**PROBLEM TO WORK ON**
Every line from the one with "Hello everyone, this" up to and including the one with "Finally, we will" is to be output exactly as it appears below; pictures are not.

**TASK INPUT**

-*-

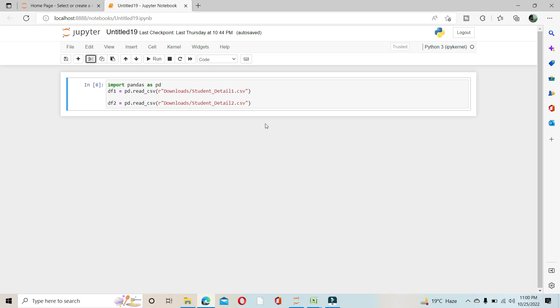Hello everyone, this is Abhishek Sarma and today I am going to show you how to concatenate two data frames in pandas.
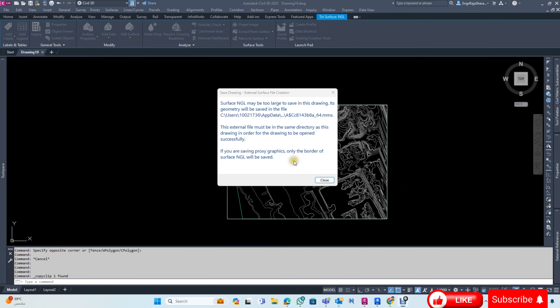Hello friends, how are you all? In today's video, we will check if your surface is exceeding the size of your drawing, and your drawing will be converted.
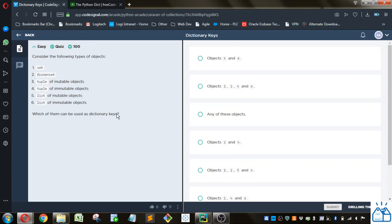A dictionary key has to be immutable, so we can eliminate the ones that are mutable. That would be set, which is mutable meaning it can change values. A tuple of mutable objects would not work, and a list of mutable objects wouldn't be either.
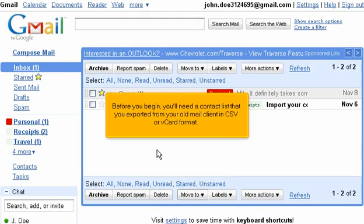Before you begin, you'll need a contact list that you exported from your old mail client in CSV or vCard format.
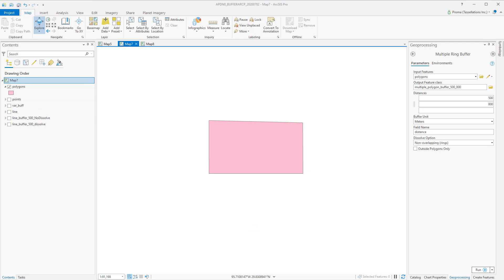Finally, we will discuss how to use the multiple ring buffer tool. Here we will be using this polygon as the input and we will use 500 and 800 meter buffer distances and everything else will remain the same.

-*-

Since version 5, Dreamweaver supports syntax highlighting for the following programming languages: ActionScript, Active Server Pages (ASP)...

-*-

**RESPONSE TO THIS EXERCISE**
Hello everyone, this is Abhishek Sarma and today I am going to show you how to concatenate two data frames in pandas.
Hello friends, how are you all? In today's video, we will check if your surface is exceeding the size of your drawing, and your drawing will be converted.
A dictionary key has to be immutable, so we can eliminate the ones that are mutable. That would be set, which is mutable meaning it can change values. A tuple of mutable objects would not work, and a list of mutable objects wouldn't be either.
Before you begin, you'll need a contact list that you exported from your old mail client in CSV or vCard format.
Finally, we will discuss how to use the multiple ring buffer tool. Here we will be using this polygon as the input and we will use 500 and 800 meter buffer distances and everything else will remain the same.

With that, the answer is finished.